Out of 36,690 children admitted with a diagnosis of COVID-19 infection(ICD-10 code:U07.1 and B97.29) during calendar year 2020, 1240 (3.4%) had CHD. The risk of mortality in children with CHD was not significantly higher than those without CHD(1.2% vs. 0.8%, p = 0.50), with adjusted OR (aOR) of 1.7 (95% CI: 0.6–5.3). Tachyarrhythmias and heart block were more likely in CHD children with an aOR of 4.2 (95% CI: 1.8–9.9) and aOR of 5.0 (95% CI: 2.4–10.8), respectively. Similarly, respiratory failure [aOR = 2.0 (1.5–2.8)], respiratory failure requiring non-invasive mechanical ventilation [aOR = 2.7 (1.4–5.2)] and invasive mechanical ventilation [aOR = 2.6 (1.6-4.0)], and acute kidney injury [aOR = 3.4 (2.2–5.4)] were all significantly higher among patients with CHD. Median length of hospital stay in children with CHD was longer than those without CHD [5 days (IQR: 2–11) vs. 3 days (IQR: 2–5), p = < 0.001].
Children with CHD hospitalized with COVID-19 infection were at increased risk of serious cardiovascular and non-cardiovascular adverse clinical outcomes. They also had increased length of hospital stay and utilization of healthcare resources.

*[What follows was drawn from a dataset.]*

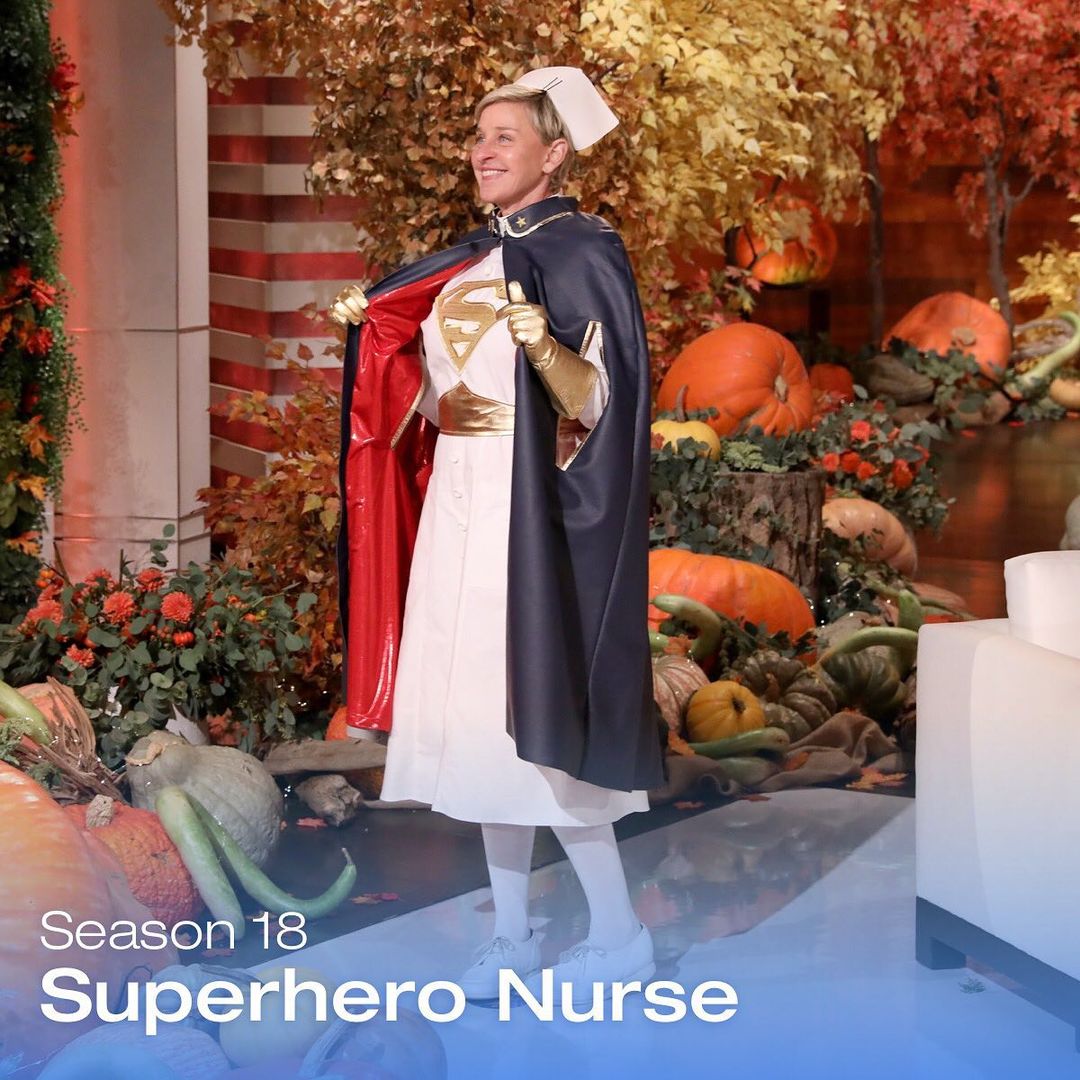 AwesomeTopmodel's tweet photo. @TheEllenShow looking back on some of the past Halloween costumes 

Visit: https://t.co/kmQWH4CWz6

#awesometv #realawesometv #simplyawesome #inspire #inform #entertain #mumbai #newyork #ellenshow #ellendegeneres https://t.co/PJIKY43b1q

The coronavirus pandemic resulting from cases initially reported in Nov-Dec 2019 has affected people worldwide, with more than 600 million infections and more than 6 million deaths as a result as of November 2022 . COVID-19 infection is generally regarded as an acute self-limiting illness in healthy children, but it can cause significant morbidity and mortality in both healthy and high-risk children . Multi-system inflammatory syndrome in children (MIS-C) and other complications related to cardiovascular and non-cardiovascular systems have been reported in case reports and case series [3,4,5,6,7,8,9,10,11,12,13,14,15]. There have been reports of myocardial injury amongst children and adults hospitalized with severe COVID-19 infection. Possible causes of myocardial injury in patients with COVID-19 include myocarditis, hypoxic injury, cardiomyopathy, ischemic injury caused by cardiac microvascular damage or coronary artery disease. Given the risk of COVID-19 infection in children, vaccines against COVID-19 have been approved for use in children aged 6 months and older, and have been shown to be effective in preventing complications and hospitalization from COVID-19 infection [16,17,18,19].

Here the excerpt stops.